Vienna, Austria, 27 November 2023--Last week, the International Energy Agency (IEA) in its report ‘The Oil and Gas Industry in Net Zero Transitions’ stated that the oil and gas industry faces a ‘moment of truth’. The industry has been told that it must “choose between fueling the climate crisis or embracing the shift to clean energy”, against the backdrop of the IEA’s proposed normative net-zero scenario.

As we have recently seen from the IEA, this presents an extremely narrow framing of the challenges before us, and perhaps expediently plays down such issues as energy security, energy access and energy affordability. It also unjustly vilifies the industry as being behind the climate crisis.

OPEC Secretary General, Haitham Al Ghais said: “It is ironic that the IEA, an agency that has repeatedly shifted its narratives and forecasts on a regular basis in recent years, now addresses the oil and gas industry and says that this is a ‘moment of truth’. The manner in which the IEA has unfortunately used its social media platforms in recent days to criticize and instruct the oil and gas industry is undiplomatic to say the least. OPEC itself is not an organization that would prescribe to others what they should do.”

OPEC also believes that the proposed IEA ‘Framework to assess the alignment of company targets with the NZE Scenario’ is a tool intended to curtail the sovereign actions and choices of oil and gas producing developing countries, through pressurizing their National Oil Companies.

The framework also contradicts with the Paris Agreement’s ‘bottom-up’ approach, where each country decides the means of contribution to global greenhouse gas emissions reduction, based on national capabilities and circumstances, and will likely lead to reduced investment and undermine security of supplies, which is one of the IEA’s key mandates.

Regrettably, the IEA report now also calls technologies such as carbon capture utilization and storage (CCUS) an “illusion”, even though Intergovernmental Panel on Climate Change assessment reports endorse such technologies as part of the solution to tackle climate change.

“The truth that needs to be spoken is simple and clear to those who wish to see it.
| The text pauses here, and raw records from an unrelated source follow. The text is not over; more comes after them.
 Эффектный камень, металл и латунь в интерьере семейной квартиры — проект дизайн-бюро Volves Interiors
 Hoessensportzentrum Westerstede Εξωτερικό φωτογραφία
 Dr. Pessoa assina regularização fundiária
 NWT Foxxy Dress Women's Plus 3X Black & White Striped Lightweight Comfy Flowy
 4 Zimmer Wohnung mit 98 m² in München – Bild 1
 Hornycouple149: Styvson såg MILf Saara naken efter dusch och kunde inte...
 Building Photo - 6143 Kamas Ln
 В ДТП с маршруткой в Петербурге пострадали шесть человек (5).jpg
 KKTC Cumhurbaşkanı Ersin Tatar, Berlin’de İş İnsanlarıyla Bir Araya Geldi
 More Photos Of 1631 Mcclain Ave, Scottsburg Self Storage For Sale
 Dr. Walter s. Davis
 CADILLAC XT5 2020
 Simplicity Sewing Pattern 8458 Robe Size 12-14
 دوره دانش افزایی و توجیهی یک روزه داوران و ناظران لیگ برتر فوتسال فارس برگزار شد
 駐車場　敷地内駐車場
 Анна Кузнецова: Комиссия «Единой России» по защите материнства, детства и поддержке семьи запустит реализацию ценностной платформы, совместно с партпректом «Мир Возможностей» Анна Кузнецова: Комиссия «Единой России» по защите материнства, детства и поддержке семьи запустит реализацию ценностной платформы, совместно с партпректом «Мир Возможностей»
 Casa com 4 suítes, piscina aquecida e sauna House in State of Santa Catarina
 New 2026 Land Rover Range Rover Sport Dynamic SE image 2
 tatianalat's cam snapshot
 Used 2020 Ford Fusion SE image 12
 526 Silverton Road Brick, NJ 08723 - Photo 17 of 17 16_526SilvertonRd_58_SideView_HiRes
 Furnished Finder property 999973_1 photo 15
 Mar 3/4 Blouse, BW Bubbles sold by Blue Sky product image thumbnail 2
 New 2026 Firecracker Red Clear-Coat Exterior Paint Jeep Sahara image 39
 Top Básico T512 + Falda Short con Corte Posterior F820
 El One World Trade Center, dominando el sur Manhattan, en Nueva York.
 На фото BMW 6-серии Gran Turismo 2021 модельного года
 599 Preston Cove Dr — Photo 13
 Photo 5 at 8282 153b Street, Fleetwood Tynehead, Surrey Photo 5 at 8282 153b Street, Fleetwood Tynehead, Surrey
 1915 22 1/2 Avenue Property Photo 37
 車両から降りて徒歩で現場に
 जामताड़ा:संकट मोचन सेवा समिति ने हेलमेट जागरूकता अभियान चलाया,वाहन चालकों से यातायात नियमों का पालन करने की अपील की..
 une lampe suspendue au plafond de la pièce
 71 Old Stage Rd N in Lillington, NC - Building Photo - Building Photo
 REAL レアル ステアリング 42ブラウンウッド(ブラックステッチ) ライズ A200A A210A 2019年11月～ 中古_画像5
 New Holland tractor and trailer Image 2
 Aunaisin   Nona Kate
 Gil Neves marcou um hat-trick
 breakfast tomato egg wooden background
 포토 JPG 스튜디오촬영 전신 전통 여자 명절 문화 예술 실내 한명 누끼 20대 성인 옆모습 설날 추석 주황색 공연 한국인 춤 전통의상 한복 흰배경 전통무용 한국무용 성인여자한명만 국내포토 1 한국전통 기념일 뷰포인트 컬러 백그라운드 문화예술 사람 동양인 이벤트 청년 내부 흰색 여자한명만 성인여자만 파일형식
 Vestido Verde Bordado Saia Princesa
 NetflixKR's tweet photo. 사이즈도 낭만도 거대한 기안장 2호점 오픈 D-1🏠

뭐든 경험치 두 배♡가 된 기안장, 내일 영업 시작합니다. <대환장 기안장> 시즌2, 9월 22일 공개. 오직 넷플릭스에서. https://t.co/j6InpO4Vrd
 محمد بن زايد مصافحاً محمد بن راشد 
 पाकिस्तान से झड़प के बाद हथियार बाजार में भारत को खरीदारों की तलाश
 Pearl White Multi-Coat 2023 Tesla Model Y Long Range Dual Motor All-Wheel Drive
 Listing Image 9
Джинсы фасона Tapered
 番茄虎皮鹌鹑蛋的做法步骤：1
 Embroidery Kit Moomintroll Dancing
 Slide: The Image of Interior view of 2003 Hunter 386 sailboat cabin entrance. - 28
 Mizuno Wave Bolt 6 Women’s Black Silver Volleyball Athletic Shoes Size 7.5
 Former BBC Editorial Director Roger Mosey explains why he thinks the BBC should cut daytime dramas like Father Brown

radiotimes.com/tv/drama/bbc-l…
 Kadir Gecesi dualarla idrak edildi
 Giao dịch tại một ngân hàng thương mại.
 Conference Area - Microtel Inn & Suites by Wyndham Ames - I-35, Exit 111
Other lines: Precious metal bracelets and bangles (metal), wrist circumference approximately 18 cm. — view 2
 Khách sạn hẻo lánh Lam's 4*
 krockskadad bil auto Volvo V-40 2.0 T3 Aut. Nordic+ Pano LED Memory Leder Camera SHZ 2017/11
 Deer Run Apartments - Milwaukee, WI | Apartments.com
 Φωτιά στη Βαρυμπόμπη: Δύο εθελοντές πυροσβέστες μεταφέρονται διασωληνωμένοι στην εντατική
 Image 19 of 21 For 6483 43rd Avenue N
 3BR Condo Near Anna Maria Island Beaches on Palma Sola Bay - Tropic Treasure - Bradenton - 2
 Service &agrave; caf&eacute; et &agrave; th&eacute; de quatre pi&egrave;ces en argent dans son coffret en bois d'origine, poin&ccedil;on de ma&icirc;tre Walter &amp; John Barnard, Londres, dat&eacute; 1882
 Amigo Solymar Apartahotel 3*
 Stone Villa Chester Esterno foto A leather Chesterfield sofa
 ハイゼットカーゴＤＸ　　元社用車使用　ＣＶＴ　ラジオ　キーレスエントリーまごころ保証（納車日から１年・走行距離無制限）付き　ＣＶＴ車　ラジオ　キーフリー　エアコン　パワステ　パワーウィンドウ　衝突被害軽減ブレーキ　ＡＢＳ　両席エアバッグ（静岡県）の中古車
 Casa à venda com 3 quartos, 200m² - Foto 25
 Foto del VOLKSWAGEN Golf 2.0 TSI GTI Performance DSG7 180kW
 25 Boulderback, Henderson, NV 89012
It is that the energy challenges before us are enormous and com­plex and cannot be limited to one binary question,” said Al Ghais.

“Energy security, energy access and energy affordability for all must go hand-in-hand with reducing emissions. This requires major investments in all energies, all technologies, and an understanding of the needs of all peoples. At OPEC, we repeat that we believe the world has to concentrate on the task of reducing emissions, not choosing energy sources,” he added.

This industry is embracing renewables, with major investments being made, and it is investing in technologies to reduce emissions, such as CCUS, direct air capture, carbon dioxide removal and clean hydrogen. In fact, some OPEC Member Countries are global leaders in this respect.

In a world where more dialogue is needed, we repeat that finger pointing is not a constructive approach. It is important to work collaboratively and act with determination to ensure that emissions are reduced and people have access to the energy products and services they require to live a comfortable life. “These twin challenges should not be at odds with each other,” said Al Ghais.

Al Ghais added: “We do see a ‘moment of truth’ ahead. We need to understand that all countries have their own orderly energy transition pathways, we need an assurance that all voices are heard, not just a select few, and we need to ensure that energy transitions enable economic growth, enhance social mobility, boost energy access, and reduce emissions at the same time.”